We developed a year-long worldview-based course for teenagers, and ran it for several years during Sunday morning sermon times. It went reasonably well, too. Irregular attendance was a significant challenge, however. In practical terms, it meant that some of our educational structure broke down: with each new session we couldn’t build much on previous learning, because most students hadn’t attended for several weeks. Our other problem was waning attendance over the course of each year. We attributed this to a vibrant youth ministry, where teenagers would gravitate toward Friday nights and a Sunday evening church service, with Sunday mornings being reserved, presumably, for leisure or school work. We also wondered whether, had our church leaders promoted the program occasionally, parents would have been more aware and valued it more.
So we took another detour and went to parents directly. We had developed a Student Journal that extended our material between Sundays, thus transcending some constraints such as limited contact time. We wrote a letter to encourage parents to take an interest in the journal, discuss with their teenager what they were learning each week, and encourage them to keep coming along. Perhaps it helped, but we still experienced a similar irregularity and waning attendance.
The challenges we experienced over the years were teaching us how to work around church barriers and constraints: first in adapting our language and concepts, next by couching the whole subject of apologetics in other contexts that are better-received, and then with adapting our materials and approach to incorporate life between church services.
In our case, we needed to take one final scenic detour before we were ready to return in strength to pursue apologetics in our local church. We began to see the broader potential of what we were offering.
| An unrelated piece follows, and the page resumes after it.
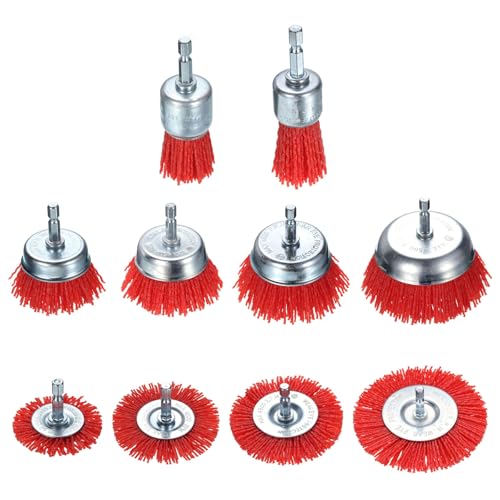 Image of HARFINGTON 10pcs Nylon Filament Wire Wheel Cup Brush for Drill, Abrasive Brushes Set with 1 /4 inch Hex Shank, 1 inch,1 1 /6 inch,2 inch,2.56 inch,3 inch,4 inch, Used for Rust /Corrosion /Paint Removal and Scrub Surface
After all, aren’t local churches part of a larger Christian movement that includes the efforts of Christian education in schools? And what about the potential for online delivery, direct to students? We realised that each area had its strengths and weaknesses. For instance, online delivery suits self-paced learning and facilitates social networks but lacks relational and experiential depth, which is where a typical Youth ministry excels. Also, while churches struggle with limited contact time and sporadic attendance, schools have a captive audience.
We also realised that we had the makings of a fully-fledged high school curriculum, and the desire to have it deployed in a holistic way, enriched with various activities and events. We decided to carve out a niche alongside churches and schools, in partnership with them, combining their strengths with our own and the advantages of internet coordination. We applied for some additional funding and were able to hire a marketing manager. We ended up with the TELOS Program, a maximally flexible, open, extensible public ministry operation. The thrust is full, sustained development of a community of students over the long term, incorporating at least one full year of apologetics study and training.
I’d like to tell you of its explosive success, but we are only just beginning to release details and hit the market with a series of launch events. However we do know that we are better positioned now to succeed with churches, because we have been learning and regrouping, becoming smarter and stronger. Finally, we are enjoying a lot of early interest and excitement, which tells me that the detour is both worthwhile and almost over.